**Data supplied:**
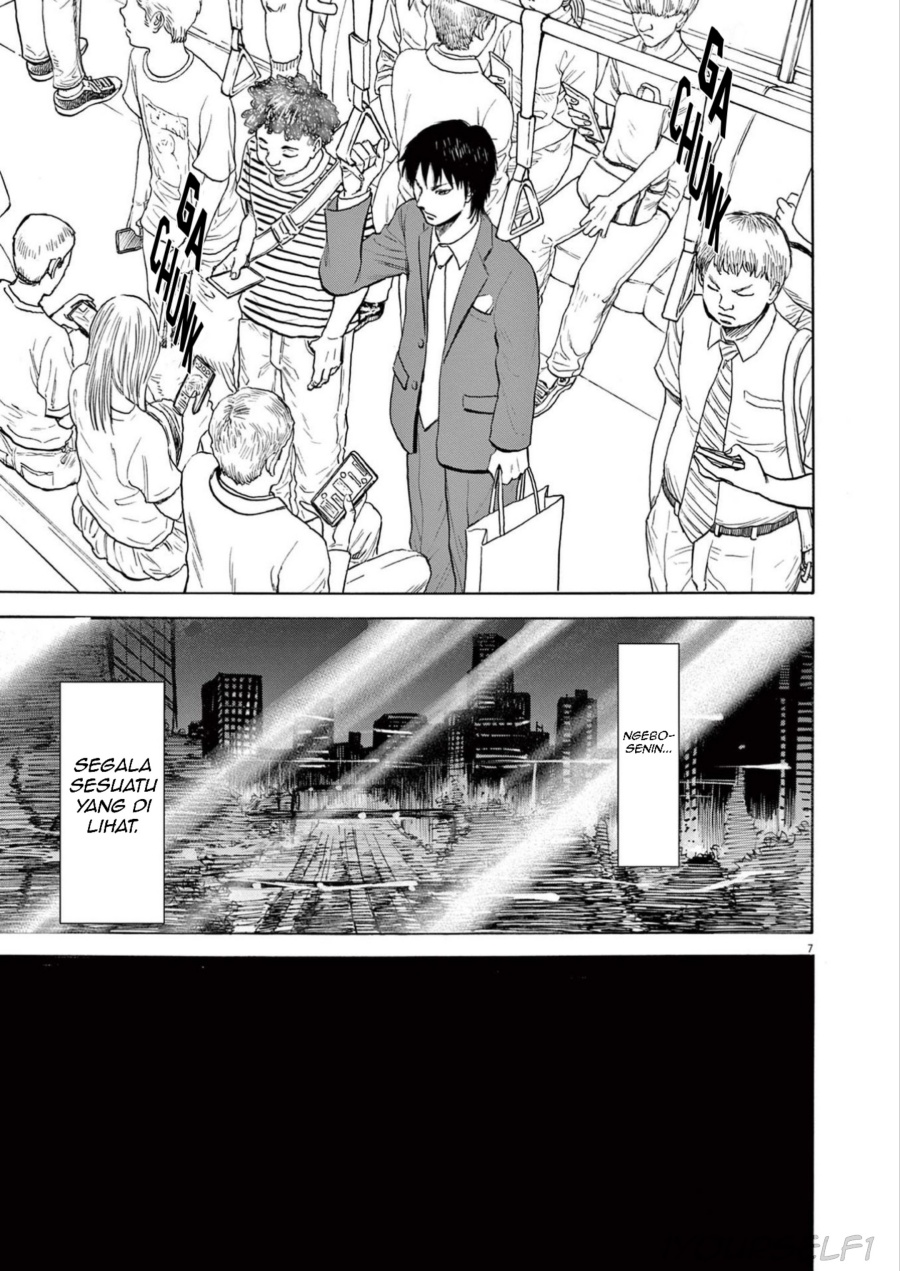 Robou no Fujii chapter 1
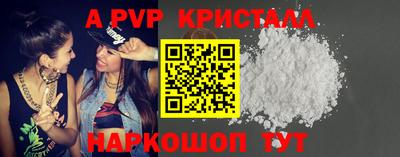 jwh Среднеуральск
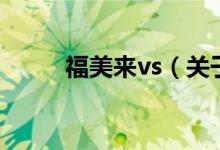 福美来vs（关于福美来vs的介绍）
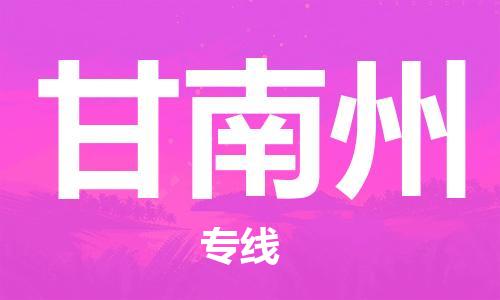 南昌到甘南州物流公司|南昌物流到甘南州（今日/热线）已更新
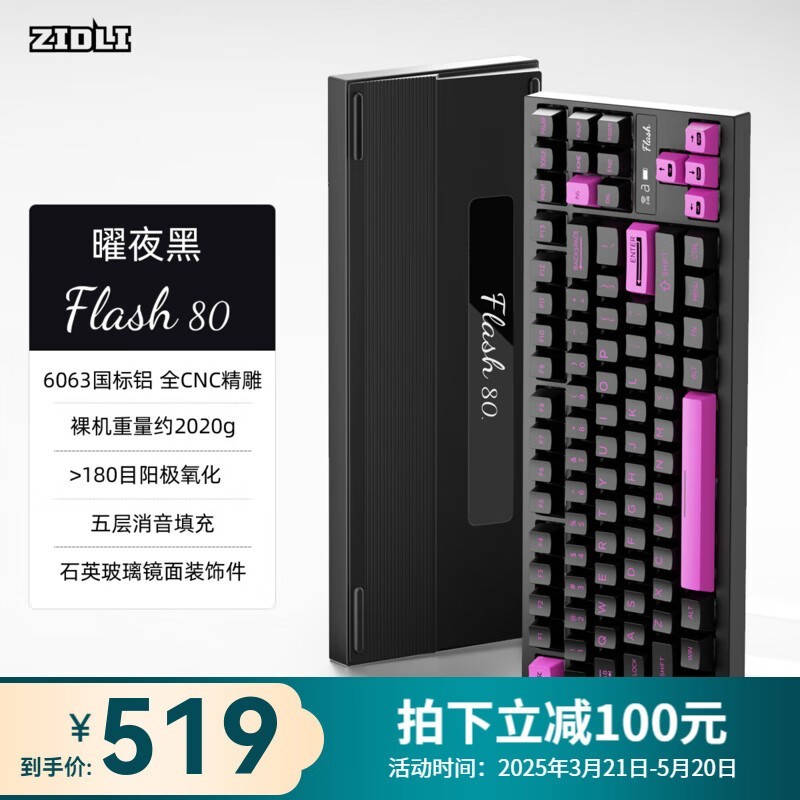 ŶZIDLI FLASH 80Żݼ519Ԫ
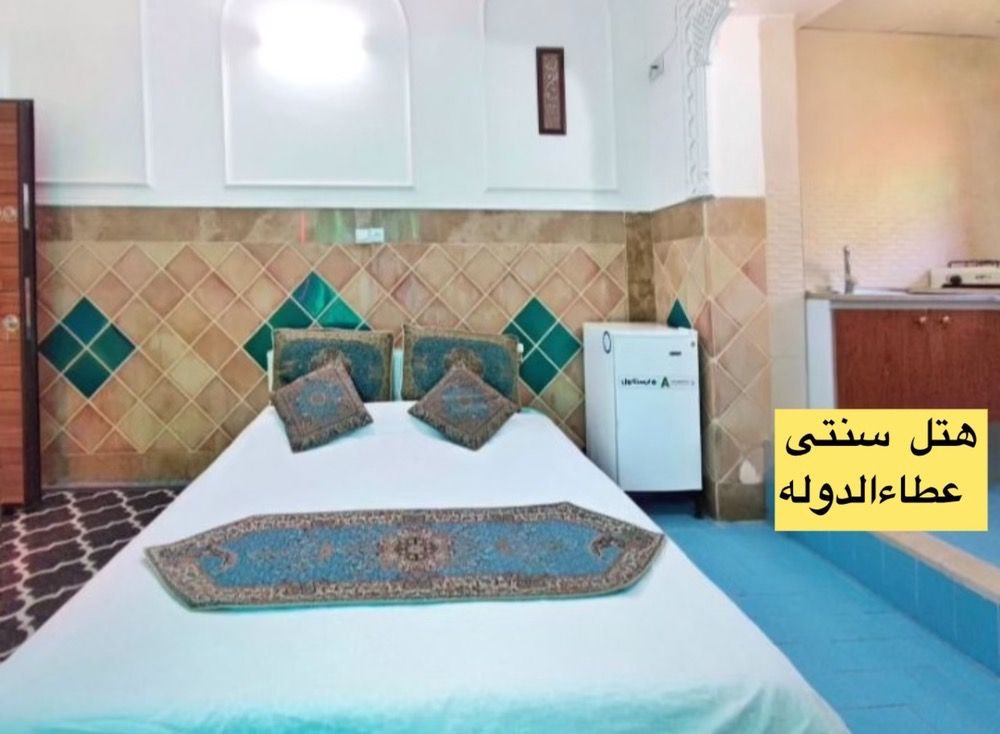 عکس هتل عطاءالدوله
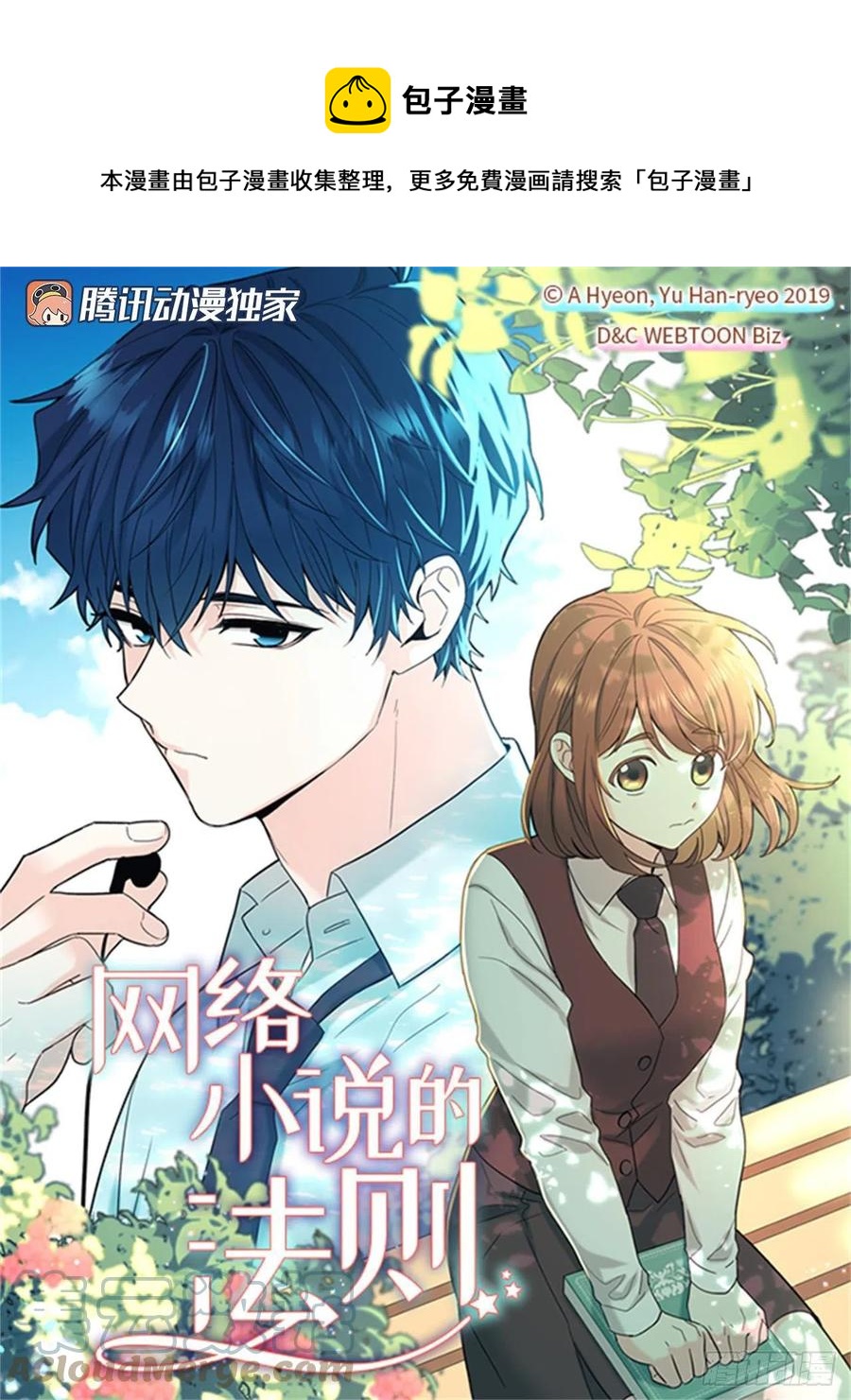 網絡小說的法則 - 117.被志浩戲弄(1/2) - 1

**Work to complete:** Leaving out the pictures, return exactly the lines from the one that contains "福美来vs（关于福美来vs的介绍）" through the last line of the records above, inclusive.

**Solution to this problem:**
 福美来vs（关于福美来vs的介绍）
 南昌到甘南州物流公司|南昌物流到甘南州（今日/热线）已更新
 ŶZIDLI FLASH 80Żݼ519Ԫ
 عکس هتل عطاءالدوله
 網絡小說的法則 - 117.被志浩戲弄(1/2) - 1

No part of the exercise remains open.